Dois efeitos de manada jornalísticos. O primeiro, encontro no livro A Garota da Banda, da musicista, artista visual e estilista americana Kim Gordon (mais conhecida como baixista do Sonic Youth):
Quando conheci Jutta Koether, ela era editora e redatora na revista Spex. Ela estava me entrevistando e ao Thurston durante a nossa turnê europeia do Daydream Nation, e pareceu confusa pelo fato de que o Sonic Youth, conhecido como uma espécie de banda de punk rock, usaria a ilustração da vela de Gerhard Richter na capa do disco. Para a Alemanha, Gerhard era, e ainda é, seu principal artista contemporâneo, mas para Jutta parecia que estávamos fazendo uma decisão artística banal e orientada pelo status quo. Após semanas dando entrevistas, onde a maioria dos jornalistas fazia as mesmas três ou quatro perguntas, era ótimo ter alguém que nos desafiasse. [p. 277; grifo meu]
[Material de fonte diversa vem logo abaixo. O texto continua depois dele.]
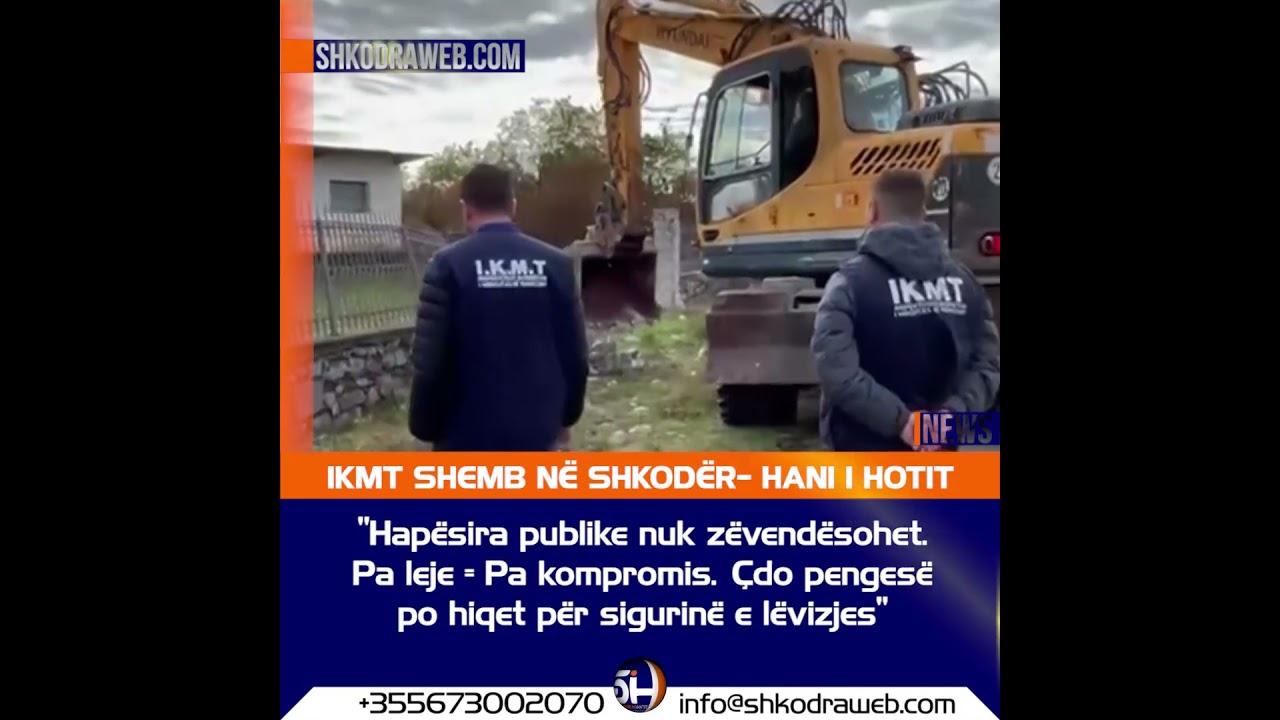 ShkodraWeb | VideoLajm IKMT nuk i ndahet Shkodr&euml;s, shembje p&euml;rgjat&euml; rrug&euml;s Shkod&euml;r- Hani i Hotit!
Todos questionando as mesmas questões, registrando as mesmas respostas e, plausivelmente, redigindo as mesmas matérias. O trecho faz pensar não só sobre o esquematismo e a falta de criatividade das pautas, mas também sobre o que espera de nós o entrevistado: ser realmente interpelado pelas perguntas, não só enunciar reações decoradas, mas de fato expressar-se.
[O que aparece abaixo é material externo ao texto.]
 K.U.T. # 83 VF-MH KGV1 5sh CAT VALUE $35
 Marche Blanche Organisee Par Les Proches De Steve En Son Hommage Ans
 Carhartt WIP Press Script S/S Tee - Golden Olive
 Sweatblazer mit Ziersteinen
O segundo efeito de manada está na reportagem “Padre Cícero sem Perdão“, de Adriana Negreiros, publicada na piauí nº117:
Em vez de devolver as ordens à Cícero — e formalmente reabilitá-lo —, o Vaticano sugeria a realização de uma “reconciliação histórica”. Era tudo que Roma podia oferecer. Dom Fernando leu a correspondência, escondeu-a e, após três meses de sofrimento solitário, enviou-a por e-mail para Forti. A psicóloga conta que o sacerdote estava em pânico. “Ele temia que a imprensa caísse matando em cima”, lembrou. Para ela, o mais aconselhável era não titubear. Foi o que disse ao bispo: “Dom Fernando, a imprensa é burra. Os jornalistas repetem a nossa fala. Se o senhor afirmar que o pedido de reabilitação foi negado, dirão isso. Mas, se disser que Roma fez o que sempre quisemos, eles vão na onda“. [p.41; grifo meu]
O famoso problema do jornalismo declaratório: o repórter recolhe aspas e lava as mãos. Pelo que parece, pelo que diz a psicóloga citada, aceitamos tudo, qualquer versão nos calha como verdade.